Following the nation's relentless bush fires, Eyre Peninsula residents are being urged to think wisely when it comes to building or rebuilding properties in bushfire prone zones by using practice planning principles.
Professor Helen Lochhead from UNSW Built Environment, says “people planning to rebuild should include a range of considerations, in the majority of cases, we can design much better, more fire-resistant, more sustainable and climate-responsive houses, than what we are doing today."
Professor Lochhead explained adequate clearing is vital alongside the essential bushfire ready protocols around the house and considering the use of fire-resistant materials like non-flammable materials such as masonry, brickwork or rammed earth, and concrete as opposed to timber.
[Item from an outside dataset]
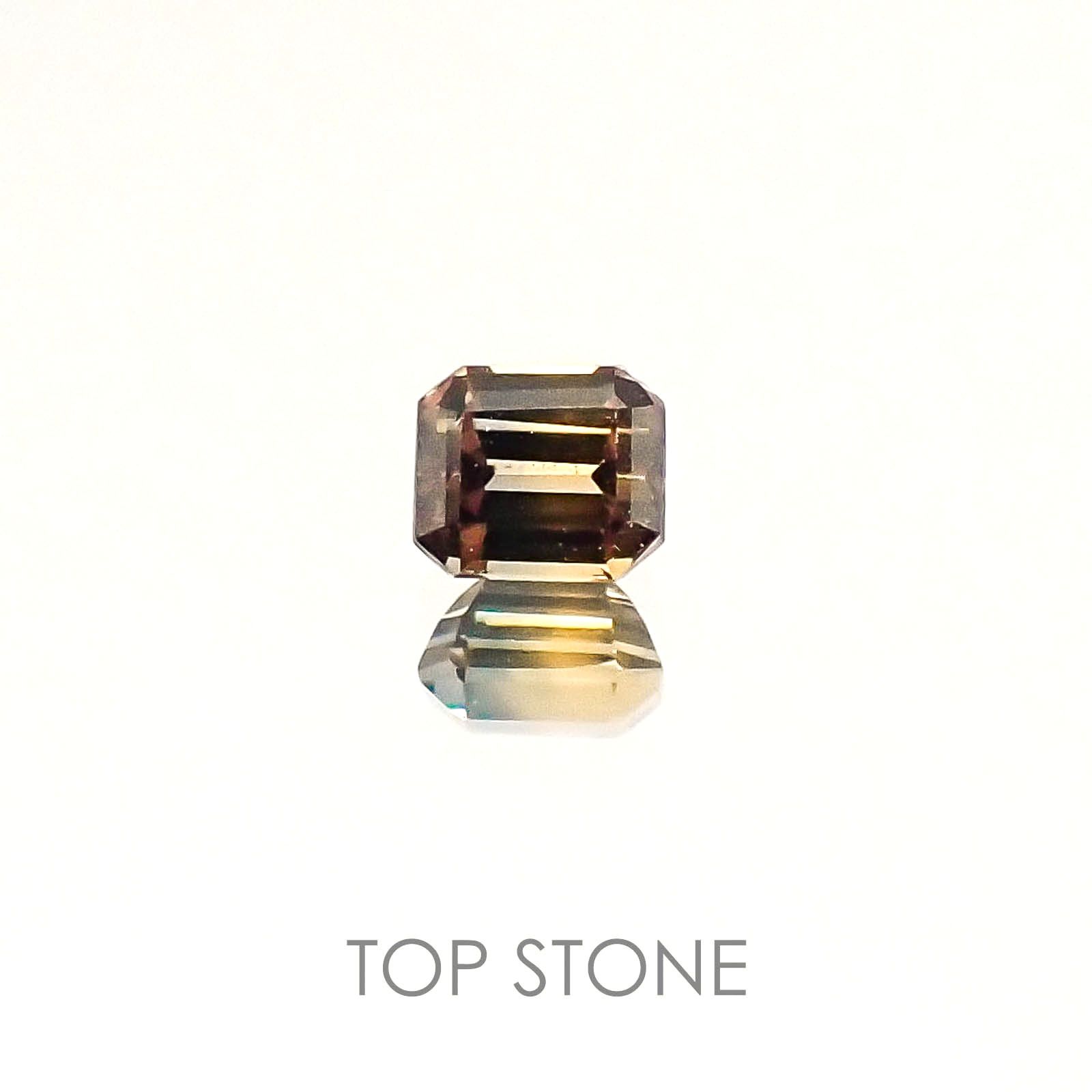 バイカラーサファイア(宝石名バイカラー・サファイア)タンザニア・ソンゲア鉱山産 0.22ct 識別済[220717149]3.3x2.8mm前後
"This doesn’t mean you can’t use timber, but you might use it on the inside rather than the outside of buildings," said Lochhead.
Adequate clearing around the house, self-cleaning gutters, and fire-resistant decking on verandahs. The underside of buildings should be enclosed so embers don’t get trapped underneath the floor, and in more isolated areas there should ideally be adequate stored water, whether tanks, pools, ponds or dams, to fight fires if they do occur.
The Institute is also providing pro bono architectural services for bushfire affected homeowners.
Professor Lochhead says these design considerations are more sustainable and cost-effective in the long term and many architects are already on board and designing this way in fire-prone areas.
“We’re not promoting buildings that are beyond the reach of the average person. We’re just talking about designing sensibly, sustainably and for the long term, acknowledging the climate and environment which we live in.”